Internet as a disruptive force

For tomorrow night’s Fertile Ambition call, my argument is that the internet is an inherently disruptive force for institutions and industries whose business models don’t take advantage of a flattening world. Pragmatically speaking, I’ve identified the music, movie, and news industries as ones which have already been at the receiving end of this characteristic. In the near future, I see at least the political and educational systems facing serious change.

One effect of the disruption I’ve identified, but have no support for at the moment, is that the institution has a reduced capacity to fulfill its tasks through the duration of the evolution. Moreover, if there are no support mechanisms in place, then society’s capacity to function in the affected arena is seriously hindered. Alternative methods of education are abundant on the internet, but I can’t think of any backups we have for the current political process.

There are at least several questions I still have. How valid is this premise (and is it concrete enough)? What other institutions or industries are vulnerable? How do institutions take preemptive action to address the changes they will eventually have to deal with? Most importantly, what are the discrete components of each stage of institutional evolution?

3 Comments

Shane Lofgren October 27, 2008 Reply

I like this conversation; however, I think that your argument is unclear.

“the internet is an inherently disruptive force for institutions and industries whose business models don’t take advantage of a flattening world.”

What exactly do you mean by disruptive? That the institution/industry will undergo rapid change? Or that the businesses in the industry will be unstable and go out of business? Or that the goods businesses will be in less demand? With institutions, do you mean that they will have less of an influence and/or will influence fewer people? Do you mean that they will change rapidly and significantly? You kind of have a rough definition of disruption in the second paragraph, but I can’t really follow it well.

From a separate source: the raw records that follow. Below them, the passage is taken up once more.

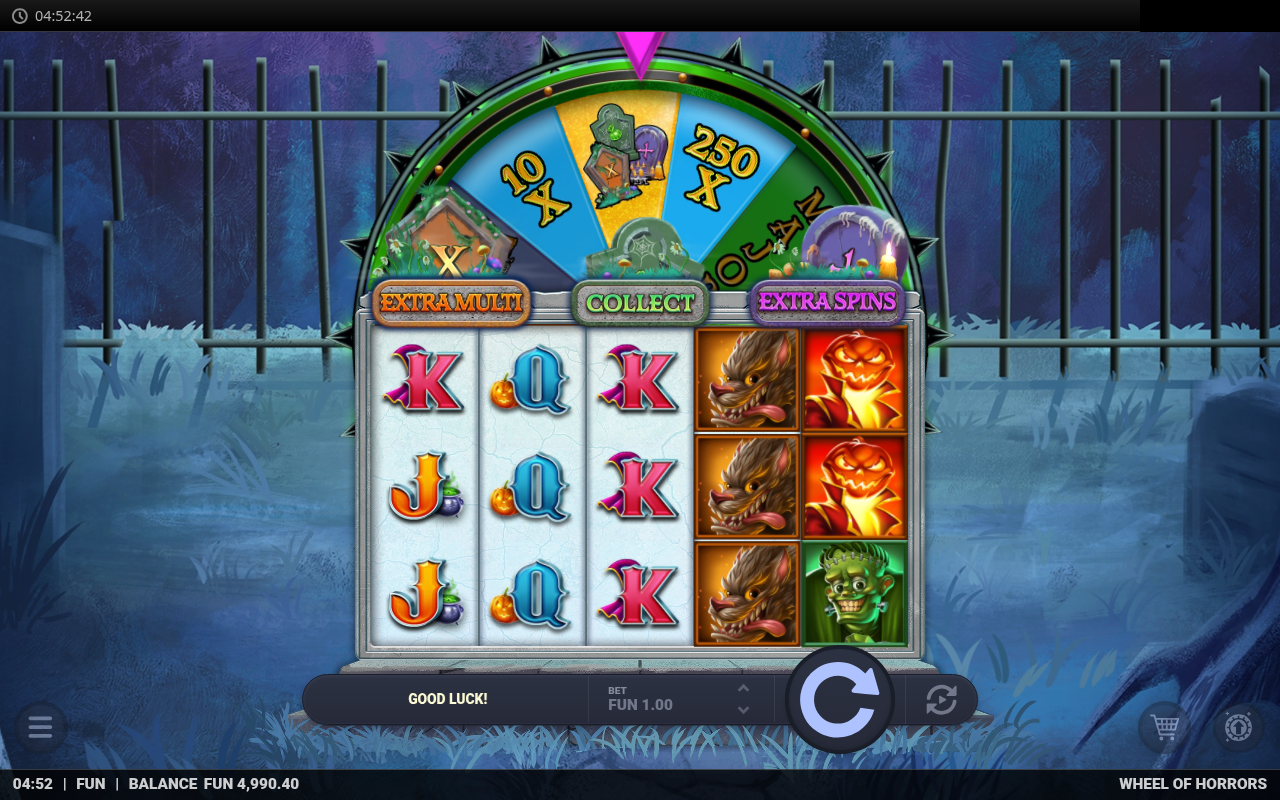Wheel of Horrors gameplay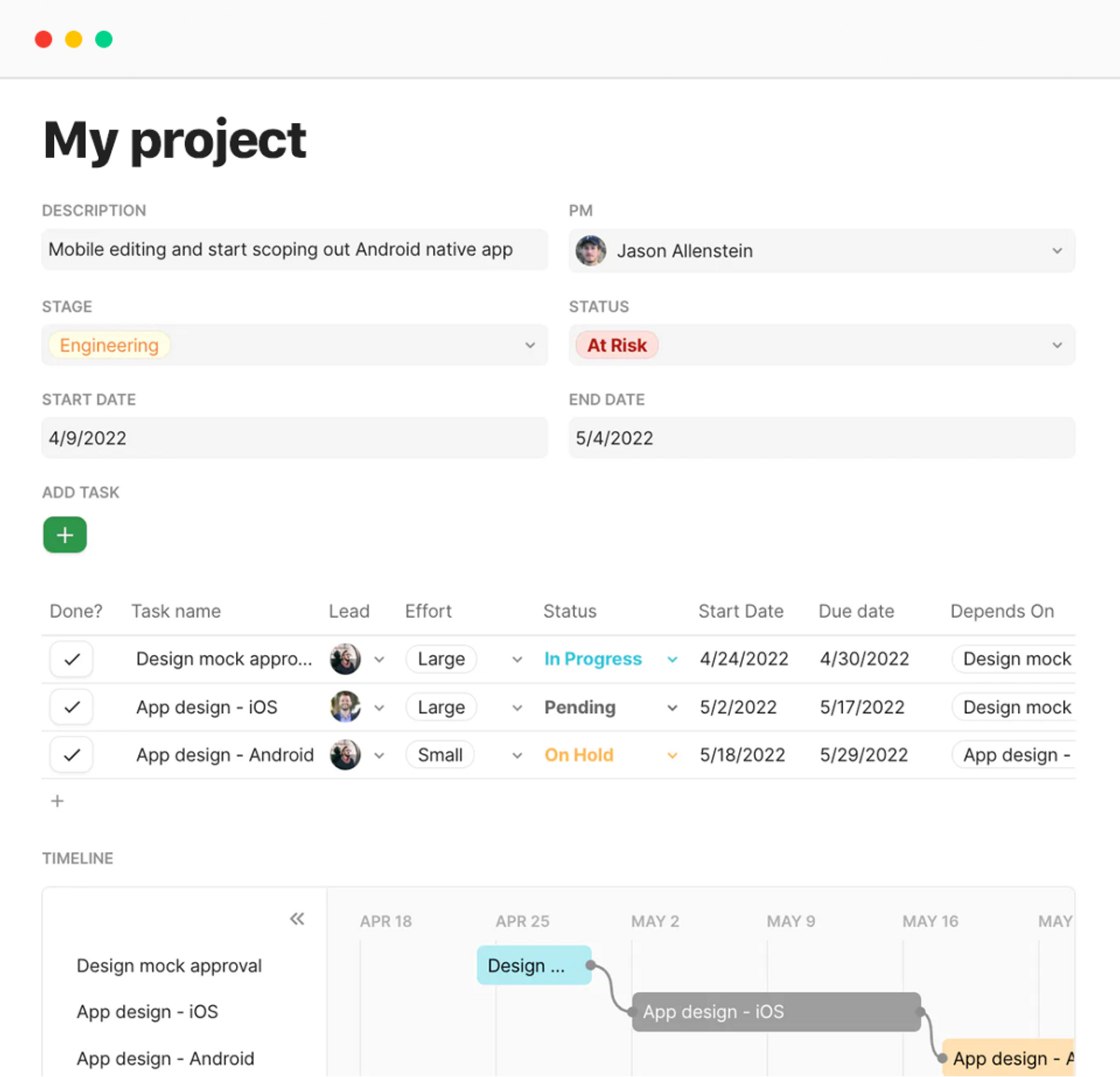 my project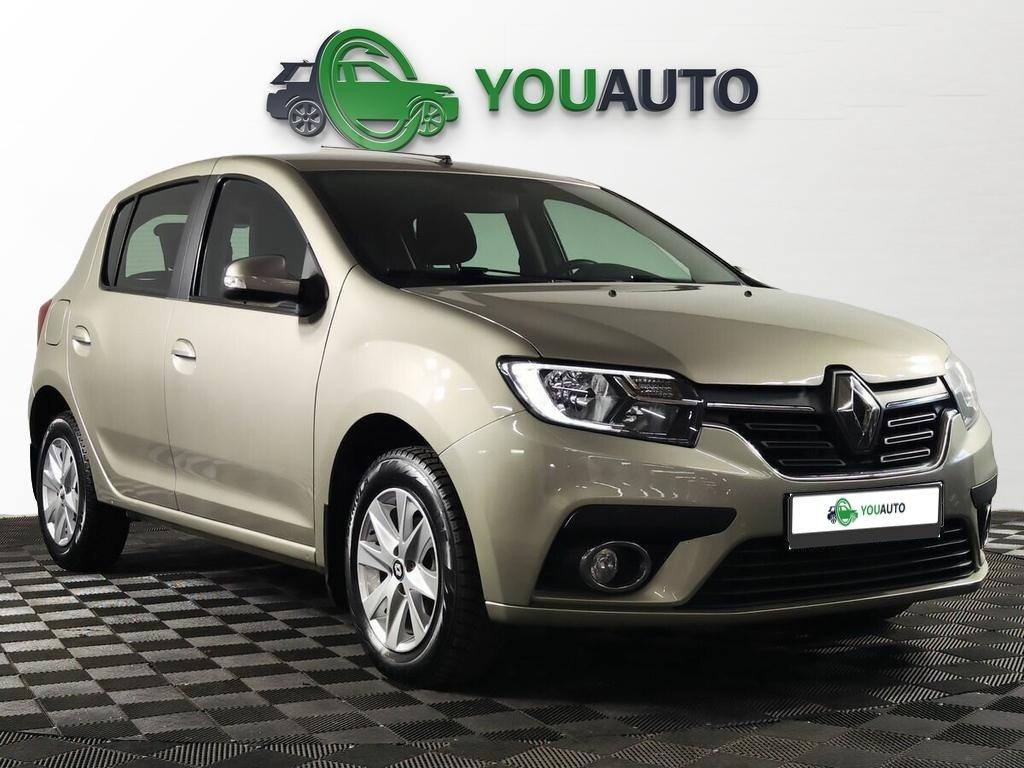 Renault Sandero 2021, бежевый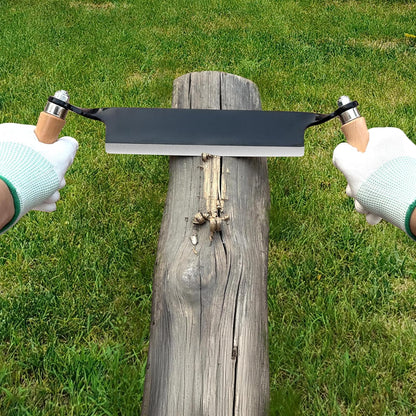 8 Inch Draw Knife for Woodworking - Multi-Purpose Debarking Tool, Spoke Shave & Wood Shaving Tool, Durable & Efficient for Carving, Shaping, Log Stripping (Straight 8 in)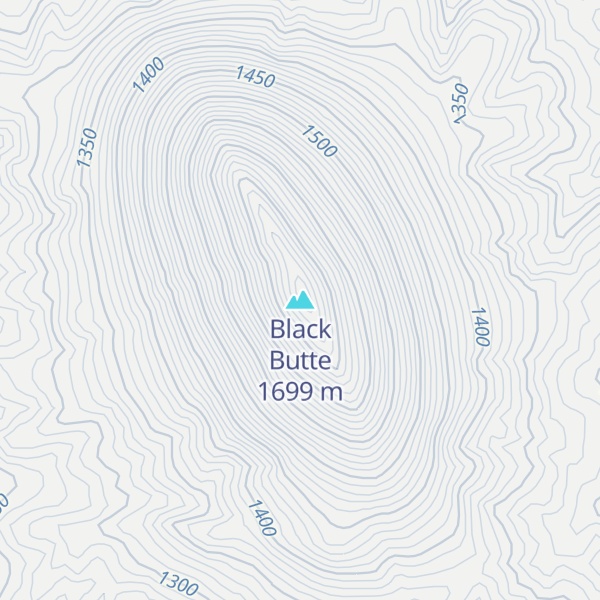 Map of Black Butte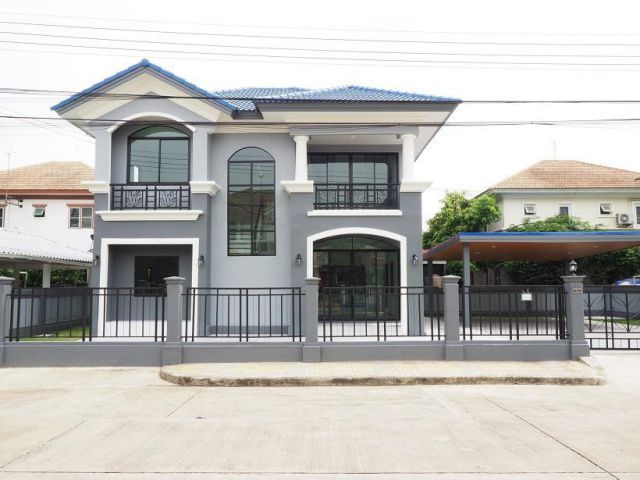 ขายแล้วค่ะ] บ้านเดี่ยว 2 ชั้น ม.ภัสสร3 ขนาด 76.8 ตร.ว. 4นอน 3นํ้า บ้านสวยมาก หลังใหญ่ พื้นที่ใช้สอยกว้าง ถนนเมน ต้นโครง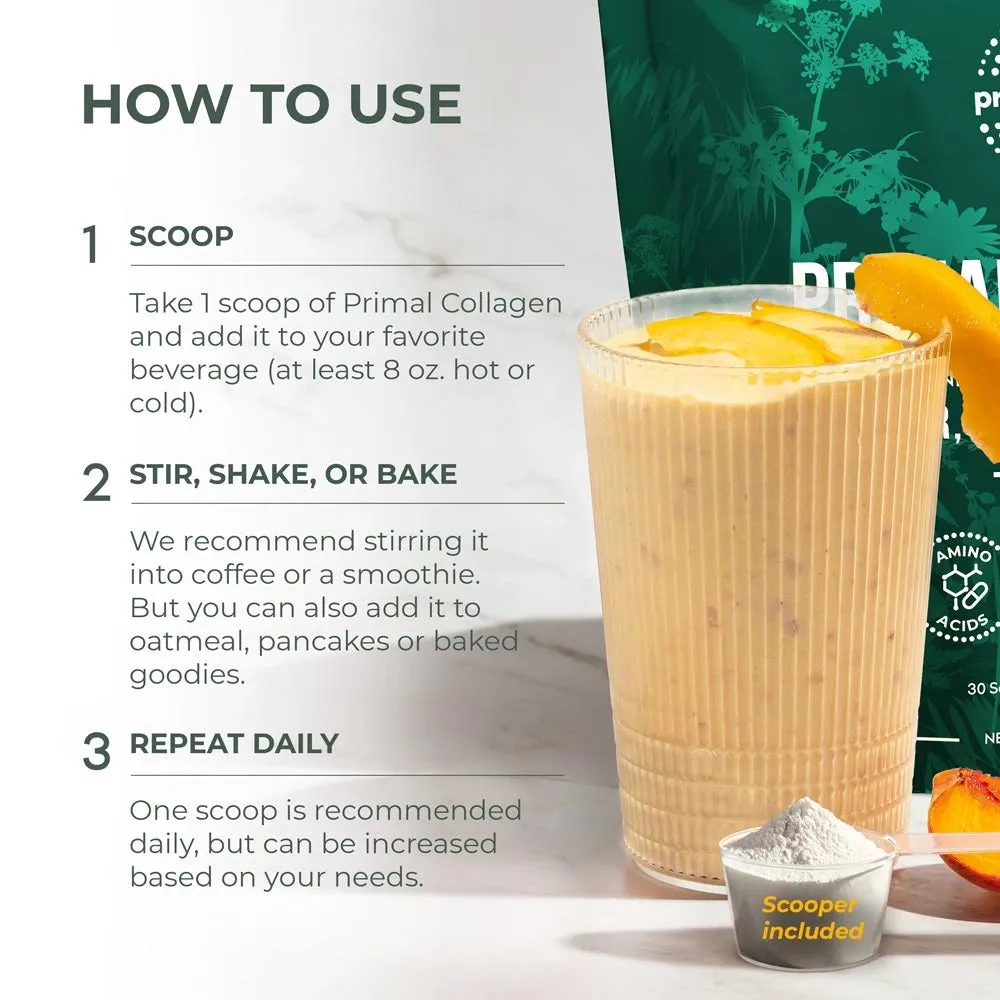 Primal Collagen usage instructions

This is the crux of your argument, so let me know what you mean.

You talk about business models, but I think that that doesn’t apply well to institutions.

Does disruption only happen for institutions and industries that don’t have business models that adapt to the flattening world? Aren’t there other ways disruption happens?

What, exactly, do you mean by flattening world? Are you referring just to globalization, the economic process where economies become increasingly specialized and interconnected according to comparative advantage? Are you talking about Friedman’s definition of “flat,” as in a “flattened playing field,” where one’s ability to succeed is less determined now by where one was born, as a result of globalization? Or, do you mean something else?

“Internet” is your cause, “disruption” is your effect, “flattening world” is your because. Yet two of these three key components of your argument are vague. The because also needs to be fleshed out further so that we can see how these things combine.

Intuitively, it doesn’t quite follow for me. I look at music, for instance, and don’t see an industry that’s going to be disrupted (which I’m guessing means something like “something bad will happen”) because globalization means massively growing markets with disposable income to sell to.

Globalization seems much more disruptive to manufacturers in developed countries, which now have to compete with much lower unskilled labor costs abroad. Music doesn’t really involve a lot of unskilled labor.

Examples both prove and clarify a point, so flesh out your examples and let them do some arguing for you.

My advice is clarify your thesis, and flesh out some examples. I think you have a good idea, but right now it’s still stuck in your head.